Applicable Scenarios

Ideal Scenarios ✅

BitNet-Class Ternary Weight Model Inference: Optimal performance
Edge Device LLM Deployment: Strict area and power constraints
Batch Inference Tasks: Prefill phase advantages pronounced
Uniform Weight Distribution Models: High LUT utilization

Suitable Scenarios ⚠️

Generic Low-Bit (2-4 bit) Integer Weight Models: Supported via bit-serial mode
Medium-Scale Models (1-3B): Within experimental validation range
Fixed Model Inference: Offline optimization fully leveraged

Unsuitable Scenarios ❌

Floating-Point or Mixed-Precision Models: Current design unsupported
Dynamic Weights or Online Learning: Offline paths cannot adapt
Extremely Large Models (>10B): On-chip storage potentially insufficient
Highly Sparse or Non-Uniform Weight Distributions: Low LUT utilization

Insights for the Field

Hardware-Software Co-Design: Balance between offline optimization and runtime execution
Specialization vs. Generality Trade-off: Path switching achieves flexibility
Storage-Centric Design: Importance of memory architecture in LUT methods
Quantization-Hardware Matching: Natural fit between ternary weights and LUTs

Selected References

BitNet-b1.58 13: Ma et al., "The era of 1-bit llms: All large language models are in 1.58 bits"
T-MAC 14: Wei et al., "T-MAC: CPU renaissance via table lookup for low-bit LLM deployment on edge"
Prosperity 24: Wei et al., "Prosperity: Accelerating spiking neural networks via product sparsity"
BIQGEMM 18: Jeon et al., "Biqgemm: matrix multiplication with lookup table for binary-coding-based quantized dnns"
Eyeriss 27: Chen et al., "Eyeriss: An energy-efficient reconfigurable accelerator for deep convolutional neural networks"

Summary

Platinum represents significant progress in LUT-based neural network accelerator design. By cleverly decoupling path generation to offline processing and combining adaptive execution modes, it achieves excellent balance among hardware overhead, performance, and energy efficiency. The 73.6× speedup and compact 0.96mm² design make it a compelling solution for edge LLM inference.

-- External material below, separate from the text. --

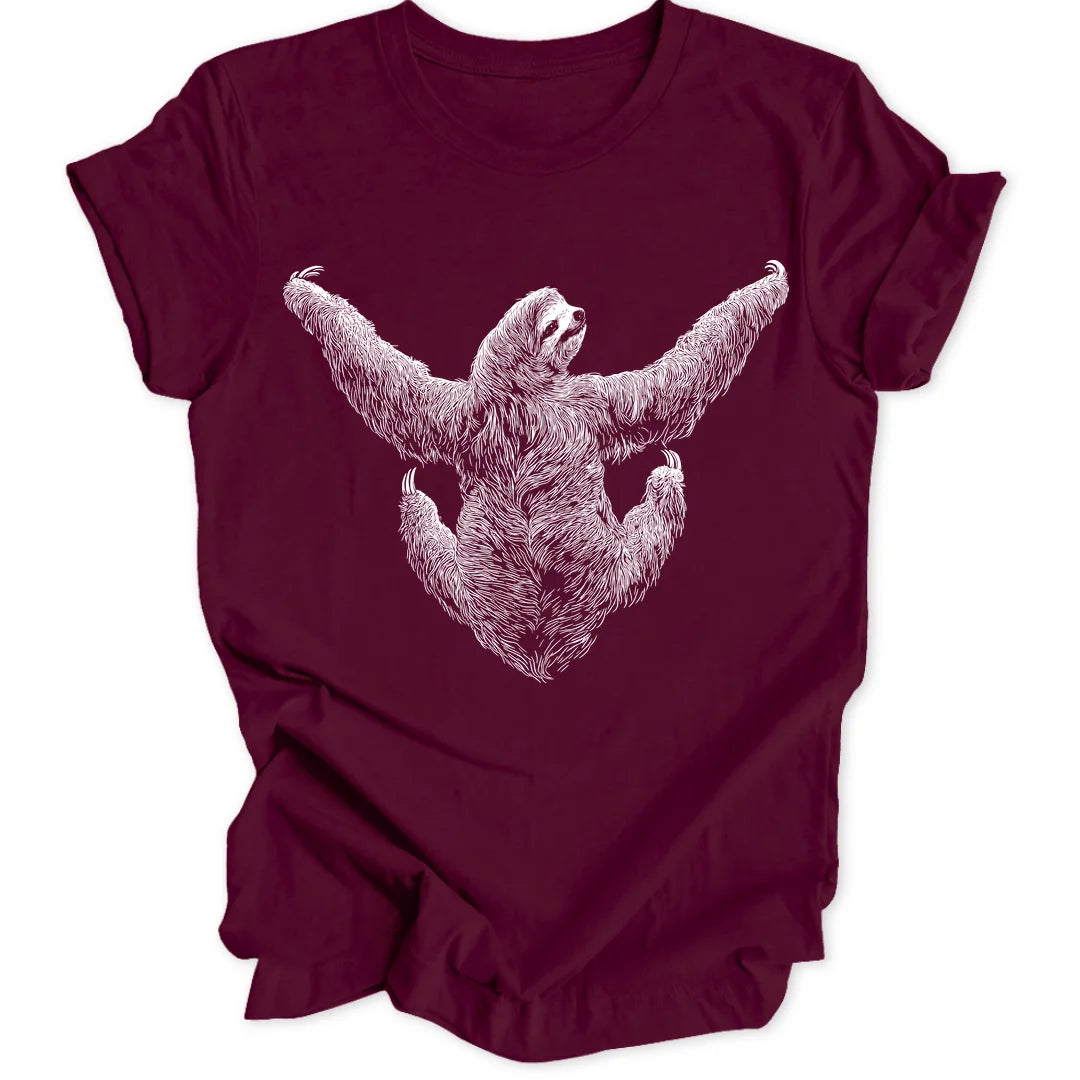 Sloth Hug - Maroon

However, the work has notable limitations: dependence on specific models (BitNet), limited generality, and absence of open-source implementation. Future research can enhance adaptability while maintaining low overhead, extending to broader quantization schemes and model architectures.

Overall, this is a high-quality computer architecture paper with solid technical innovation and comprehensive experimental evaluation, providing a new design paradigm for low-bit neural network acceleration. Recommended for researchers and engineers working on neural network accelerators, quantized inference, and edge AI chip design.